La suite est connue, la pièce est communiquée à l’ouverture du procès le 10 décembre, avec des conclusions aux fins de nullité de la sonorisation, supplément d’information et remise en liberté de leur client. « Dans un dossier de cette ampleur, nous n’avions aucune chance d’obtenir la libération de Robert Dawes » souligne Xavier Nogueras. Le 14 décembre, la défense dépose de nouvelles conclusions pour écarter la sonorisation et obtenir le renvoi du procès le temps d’obtenir communication des décisions de sonorisation de la part des autorités espagnoles. Pendant ce temps, le parquet procède à la vérification de la pièce. Le 18 décembre, la réponse tombe, c’est un faux.

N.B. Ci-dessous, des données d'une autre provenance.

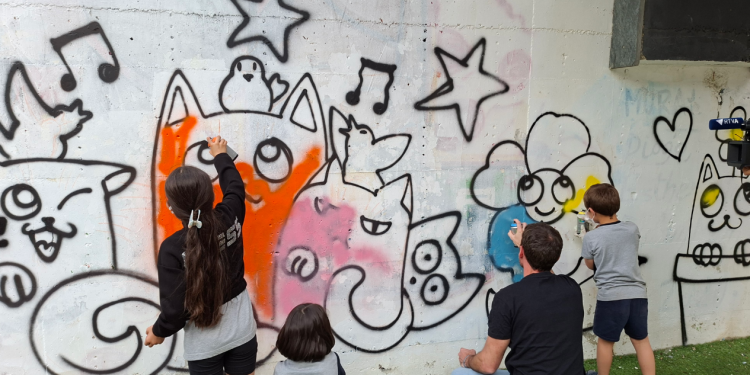 Els nens i nenes de l'escola d'art pintant el tram de mur habilitat.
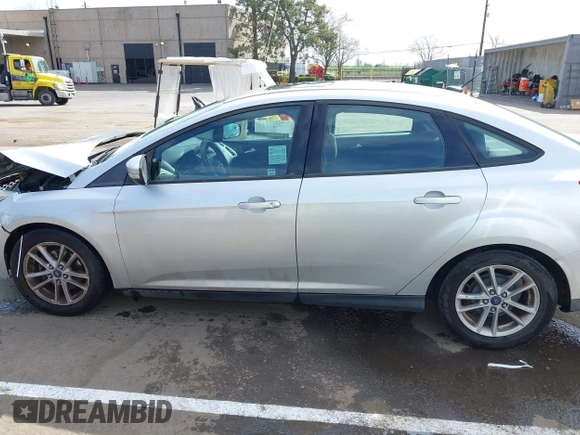 2015 Ford Focus SE with VIN 1FADP3F24FL203509, listed as a IAAI auction lot 41765582 with 139,856 mi miles. Bid and sale history available at carsss.com. Image 14.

Dans cette histoire, Xavier Nogueras a été le « petit jeune » qu’on met à l’écart quand les choses sérieuses commencent. Il aurait dû partir, avoue-t-il, mais le dossier était trop beau, il a commis le « péché d’orgueil ». La procédure a laissé des marques indélébiles. Il raconte les deux perquisitions, à son domicile et à son cabinet, les douze heures d’interrogatoire, mais aussi « la violence judiciaire qu’on ressent dans sa chair » quand l’avocat soudain est traité comme un complice, un voyou, « je suis juriste et je me retrouve à raser les murs du tribunal ». L’angoisse de perdre sa robe est encore vive, explique-t-il, avant de conclure, « on s’est fait avoir ».